> TASK OBJECTIVE: Entries follow. Give back exactly the lines starting at the one containing "Azamad Halk Oyunları Festivali" and ending at the one containing "Dachgeschoßwohnung Emden Tholenswehr", and no other lines.

··· THE INPUT

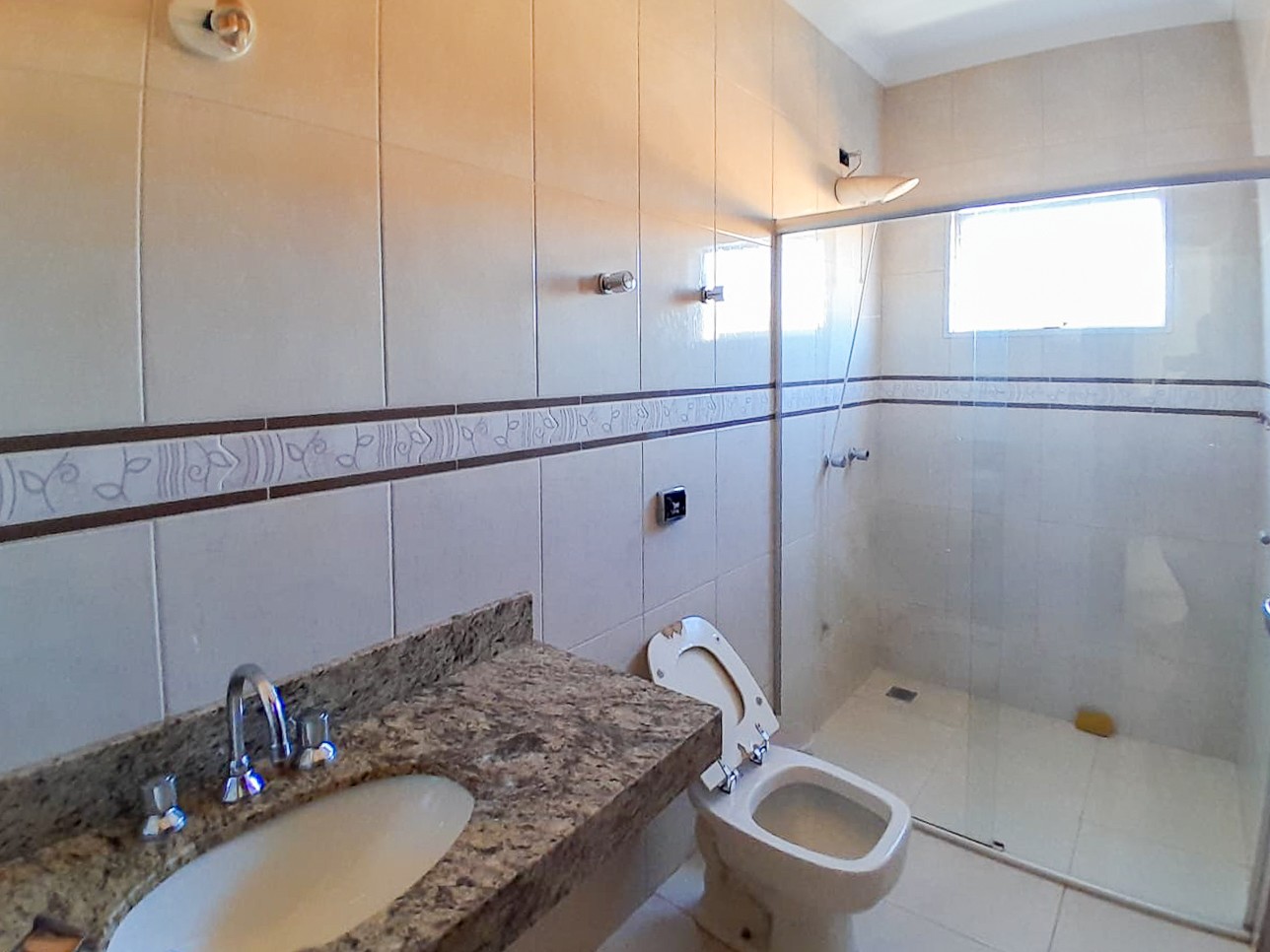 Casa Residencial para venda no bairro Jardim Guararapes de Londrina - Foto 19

······
··· THE INPUT

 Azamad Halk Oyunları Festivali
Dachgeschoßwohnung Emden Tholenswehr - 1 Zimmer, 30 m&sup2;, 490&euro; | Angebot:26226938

······
··· THE INPUT

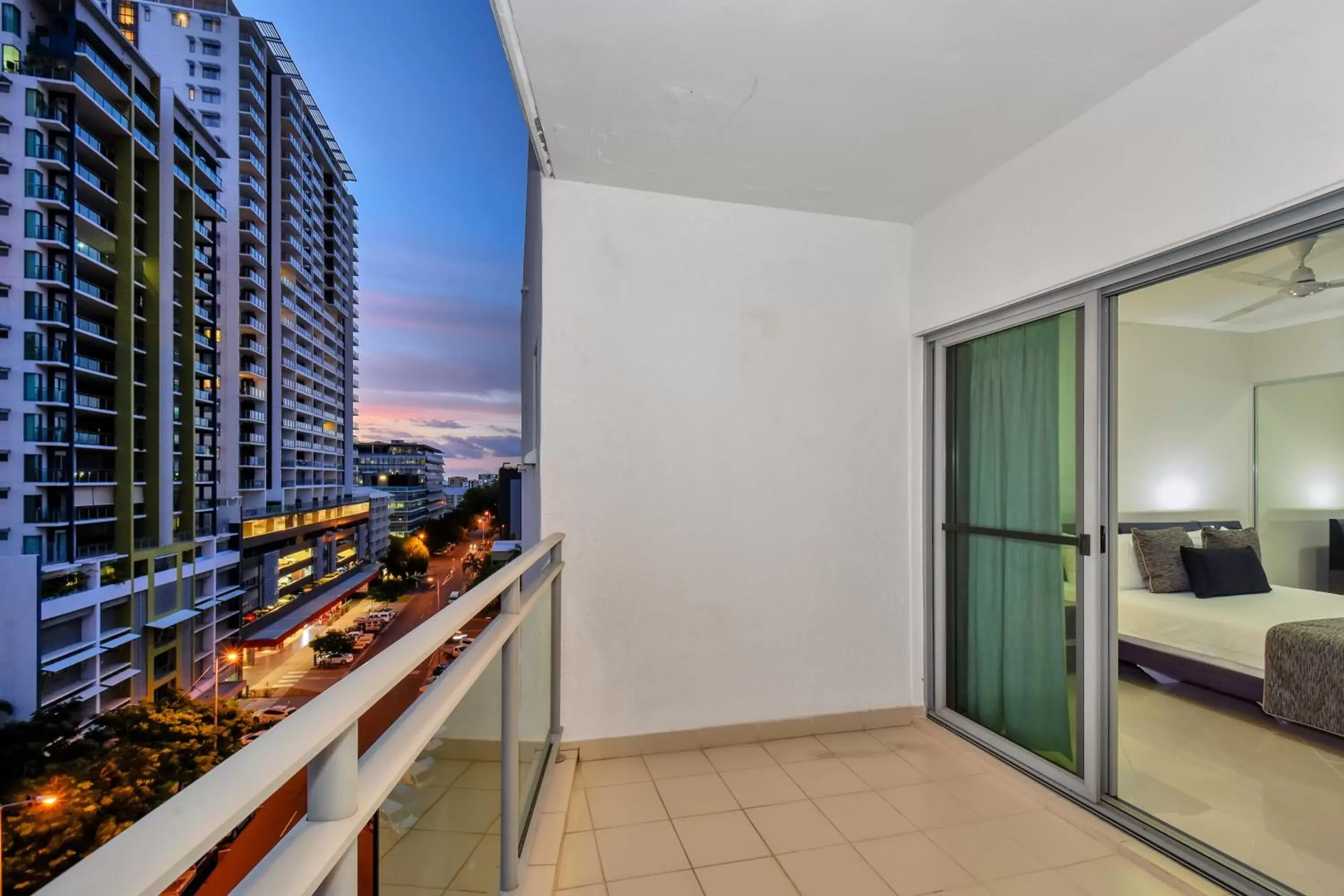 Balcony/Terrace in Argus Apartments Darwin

······

> SOLVED PROBLEM:
 Azamad Halk Oyunları Festivali
Dachgeschoßwohnung Emden Tholenswehr - 1 Zimmer, 30 m&sup2;, 490&euro; | Angebot:26226938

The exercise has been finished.